After a quick visit to the Bexley Heath and District Rose Society show (patron: Edward Heath), the Lord Privy Seal stopped at his favorite pub, the King's Head, where the regulars greeted him as "Squire." There he downed three half-pints of bitter from a silver tankard and bustled off to present prizes at the North Kent Budgerigar and Foreign Bird Society annual show (patron: Edward Heath). Having made the rounds of Alario finches. Napoleon weavers and their fanciers, Heath headed cheerily back to London for dinner at the Savoy Grill.

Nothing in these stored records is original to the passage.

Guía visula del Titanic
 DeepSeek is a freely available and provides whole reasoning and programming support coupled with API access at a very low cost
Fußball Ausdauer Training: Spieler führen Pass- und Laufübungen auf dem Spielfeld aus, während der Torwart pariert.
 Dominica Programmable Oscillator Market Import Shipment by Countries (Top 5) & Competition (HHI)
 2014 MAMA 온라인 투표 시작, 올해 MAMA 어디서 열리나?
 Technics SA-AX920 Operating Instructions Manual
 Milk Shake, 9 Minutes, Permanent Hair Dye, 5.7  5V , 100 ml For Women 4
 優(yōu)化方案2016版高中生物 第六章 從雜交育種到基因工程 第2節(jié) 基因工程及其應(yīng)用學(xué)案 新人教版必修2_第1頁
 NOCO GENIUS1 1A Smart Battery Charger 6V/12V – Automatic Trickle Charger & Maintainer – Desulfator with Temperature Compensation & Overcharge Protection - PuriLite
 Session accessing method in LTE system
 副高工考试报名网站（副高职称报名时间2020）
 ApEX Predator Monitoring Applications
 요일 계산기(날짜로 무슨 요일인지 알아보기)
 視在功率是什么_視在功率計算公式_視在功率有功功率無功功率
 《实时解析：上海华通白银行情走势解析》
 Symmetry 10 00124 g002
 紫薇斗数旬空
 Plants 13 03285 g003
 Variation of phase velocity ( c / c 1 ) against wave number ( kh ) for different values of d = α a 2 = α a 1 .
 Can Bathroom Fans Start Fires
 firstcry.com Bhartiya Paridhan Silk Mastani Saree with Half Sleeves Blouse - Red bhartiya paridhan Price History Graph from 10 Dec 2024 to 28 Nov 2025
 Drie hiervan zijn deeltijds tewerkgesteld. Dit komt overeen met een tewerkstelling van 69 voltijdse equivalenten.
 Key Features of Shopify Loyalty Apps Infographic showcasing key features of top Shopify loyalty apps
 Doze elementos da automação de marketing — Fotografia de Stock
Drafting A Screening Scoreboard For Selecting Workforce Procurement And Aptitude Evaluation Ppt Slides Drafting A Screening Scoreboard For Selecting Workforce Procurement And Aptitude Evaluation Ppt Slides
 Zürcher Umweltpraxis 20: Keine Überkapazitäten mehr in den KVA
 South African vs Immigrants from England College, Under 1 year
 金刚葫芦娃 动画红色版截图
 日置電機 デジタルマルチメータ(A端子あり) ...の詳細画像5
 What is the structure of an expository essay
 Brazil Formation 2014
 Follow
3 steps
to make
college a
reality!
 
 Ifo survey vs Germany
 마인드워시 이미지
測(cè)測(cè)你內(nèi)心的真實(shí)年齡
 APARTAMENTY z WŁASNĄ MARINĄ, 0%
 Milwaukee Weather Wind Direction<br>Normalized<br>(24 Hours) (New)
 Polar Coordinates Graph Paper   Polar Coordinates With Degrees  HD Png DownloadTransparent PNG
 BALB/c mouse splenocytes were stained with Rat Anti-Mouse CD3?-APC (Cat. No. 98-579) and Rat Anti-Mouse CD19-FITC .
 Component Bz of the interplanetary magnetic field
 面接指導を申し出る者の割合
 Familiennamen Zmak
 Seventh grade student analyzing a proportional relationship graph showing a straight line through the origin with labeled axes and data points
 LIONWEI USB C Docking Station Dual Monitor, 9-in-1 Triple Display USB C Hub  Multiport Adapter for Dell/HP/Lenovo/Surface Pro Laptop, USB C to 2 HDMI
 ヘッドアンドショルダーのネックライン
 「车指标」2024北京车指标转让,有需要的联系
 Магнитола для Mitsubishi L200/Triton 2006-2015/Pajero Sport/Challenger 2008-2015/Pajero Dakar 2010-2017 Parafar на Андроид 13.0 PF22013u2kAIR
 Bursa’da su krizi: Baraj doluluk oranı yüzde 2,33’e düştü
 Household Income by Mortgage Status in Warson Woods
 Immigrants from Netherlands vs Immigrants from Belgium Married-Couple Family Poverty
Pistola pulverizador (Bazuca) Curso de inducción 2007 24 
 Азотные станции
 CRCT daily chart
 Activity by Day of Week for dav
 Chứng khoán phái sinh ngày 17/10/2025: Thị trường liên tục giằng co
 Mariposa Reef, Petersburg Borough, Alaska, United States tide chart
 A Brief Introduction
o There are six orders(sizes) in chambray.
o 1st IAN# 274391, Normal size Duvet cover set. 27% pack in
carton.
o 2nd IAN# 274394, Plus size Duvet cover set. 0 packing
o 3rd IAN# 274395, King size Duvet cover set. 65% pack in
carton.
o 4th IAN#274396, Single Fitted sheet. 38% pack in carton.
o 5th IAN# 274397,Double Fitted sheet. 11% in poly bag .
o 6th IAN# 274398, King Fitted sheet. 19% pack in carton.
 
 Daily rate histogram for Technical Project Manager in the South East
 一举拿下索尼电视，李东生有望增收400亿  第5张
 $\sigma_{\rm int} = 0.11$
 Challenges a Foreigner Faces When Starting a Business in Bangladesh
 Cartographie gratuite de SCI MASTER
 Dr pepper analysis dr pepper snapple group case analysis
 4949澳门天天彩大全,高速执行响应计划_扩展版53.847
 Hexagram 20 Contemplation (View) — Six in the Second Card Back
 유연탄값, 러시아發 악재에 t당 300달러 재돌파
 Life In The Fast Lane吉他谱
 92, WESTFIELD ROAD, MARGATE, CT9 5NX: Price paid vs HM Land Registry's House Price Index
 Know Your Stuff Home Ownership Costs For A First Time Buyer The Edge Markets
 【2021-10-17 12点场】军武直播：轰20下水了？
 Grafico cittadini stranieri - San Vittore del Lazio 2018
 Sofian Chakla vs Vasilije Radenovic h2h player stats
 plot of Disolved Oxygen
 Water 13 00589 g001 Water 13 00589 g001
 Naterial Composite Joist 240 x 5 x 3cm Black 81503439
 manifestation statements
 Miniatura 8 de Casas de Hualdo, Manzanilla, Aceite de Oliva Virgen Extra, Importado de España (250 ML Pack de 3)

Heath's attention to local politics is far from irrelevant. As he drove up Bexley's main street, he could see the gay new travel agency advertising the "sunshine and sands of Italy," while grocers displayed Dutch strawberries and French asparagus, alongside New Zealand apples —all vivid reminders of Heath's Common Market problems.

End of a Reverie. The discussion of those problems is growing ever more heated. A national opinion poll reported that those who favored admission to the Common Market had slumped from 47.1% of those polled in mid-April to 28.2% at the end of June. Taken at face value, the swing may well be due to real concern over the future of British sovereignty and independence; watching the tough French attitude at Brussels, many Britons have come to fear that, in the Market, Britain would be outnumbered, would not so much lead as be led. But to a large extent, the poll only reflected the fact that the government, as a bargaining maneuver, has calculatedly downplayed its high hopes in Britain so as not to raise the price of membership in Brussels.

Whatever else it accomplished, the great debate has wrought a refreshing change in the pulse and temper of Britain. Compared with bustling Europe, where far crueler wartime devastation forced its peoples to build and plan for the future, Britain at war's end sank back into a grandiose reverie in which—despite rising prosperity—the island was almost visibly turning into a museum of its own past glories. In the last year, Englishmen have been forced to re-examine their society and decide on its future. Those under 40, in particular, have been stimulated by a tide of change that most believe to be inevitable.

"The British are not working any harder than they were a few years ago," reports TIME'S London Bureau Chief Robert Elson, "and the philosophy of 'I'm all right, Jack,' lingers on, and yet a change has taken place. It has still to be acknowledged by a majority of Englishmen. But individually and collectively, they have concluded that they had better get moving in the big outside world once more.